EXERCISE: Write out only the lines from the line that holds "2025 Hyundai Tucson" to the end of the listing below, inclusive, with the pictures omitted.

DATASET EXCERPT:
▼

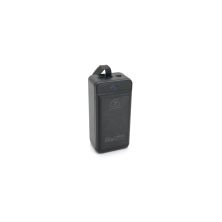 Батарея універсальна LIONPATTON 60000mAh, QC3.0, MicroUSB, Type-C, Lighting, USB, Black (L46 / 34004)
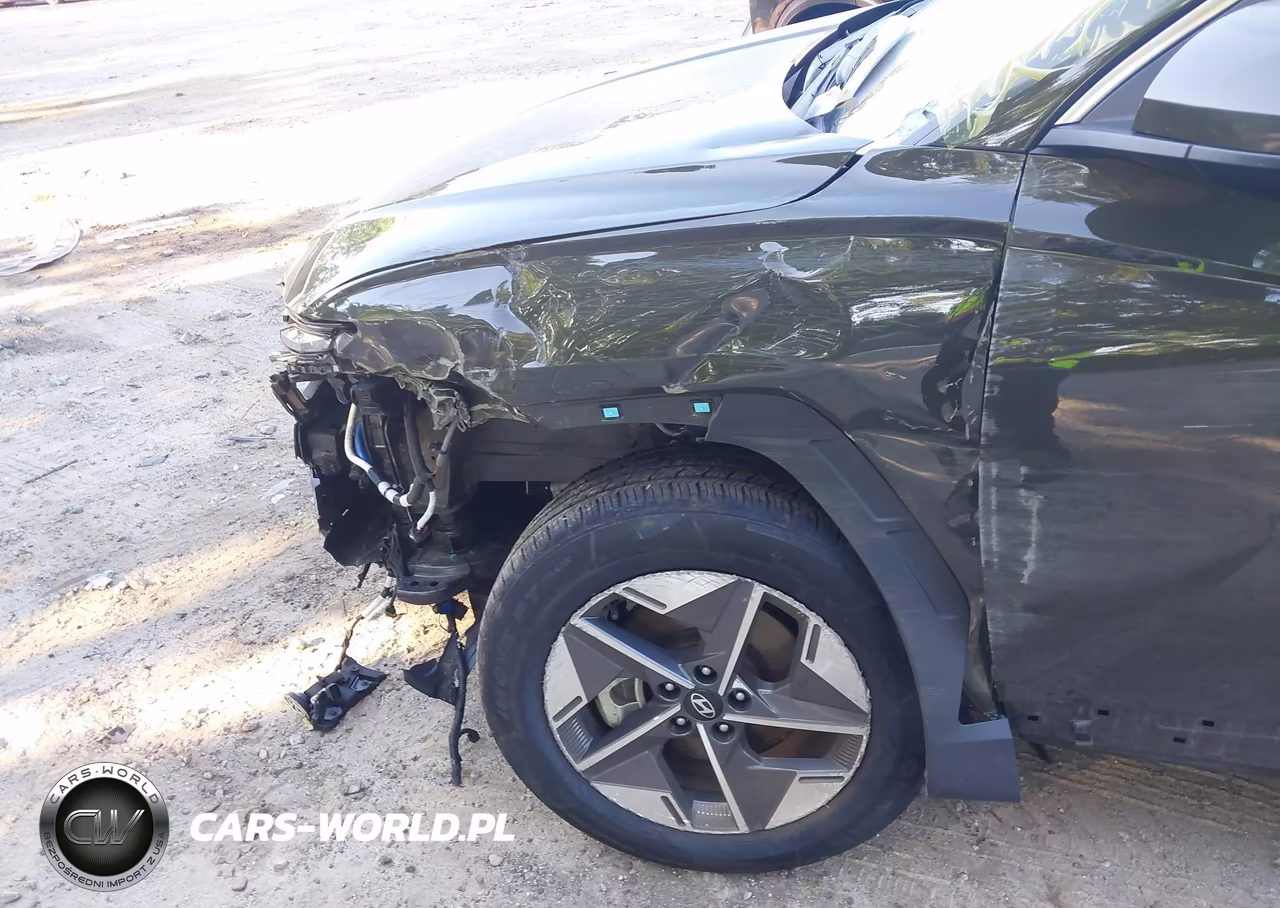 2025 Hyundai Tucson Sel VIN:5NMJBCDE9SH478491 - 6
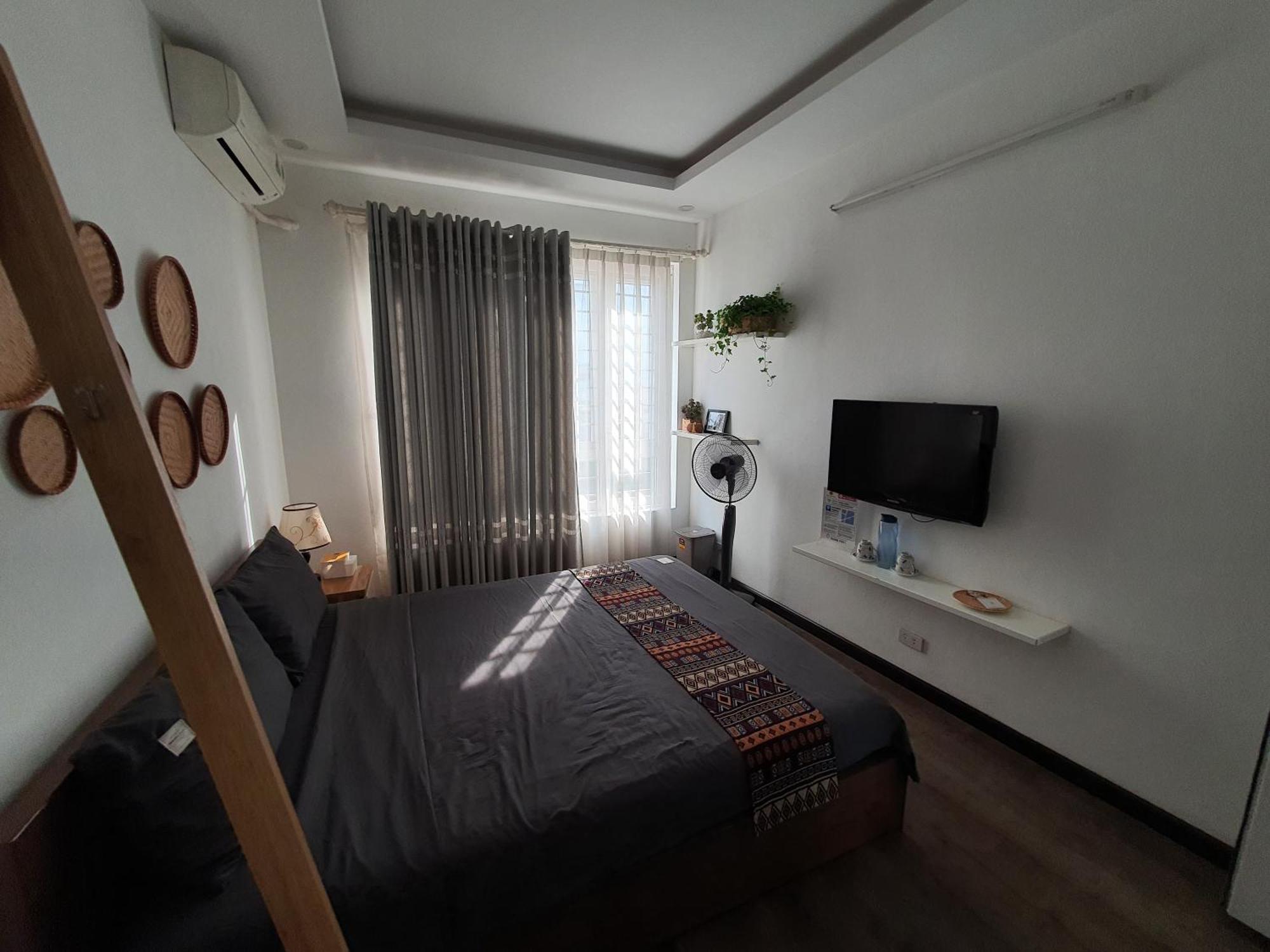 Location 3-4-5 Bedrooms House In Centre Of Ha Noi - Clean, Cozy And Private - The Tournesol Homestay Hanoi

▲

SOLVED EXERCISE:
 2025 Hyundai Tucson Sel VIN:5NMJBCDE9SH478491 - 6
 Location 3-4-5 Bedrooms House In Centre Of Ha Noi - Clean, Cozy And Private - The Tournesol Homestay Hanoi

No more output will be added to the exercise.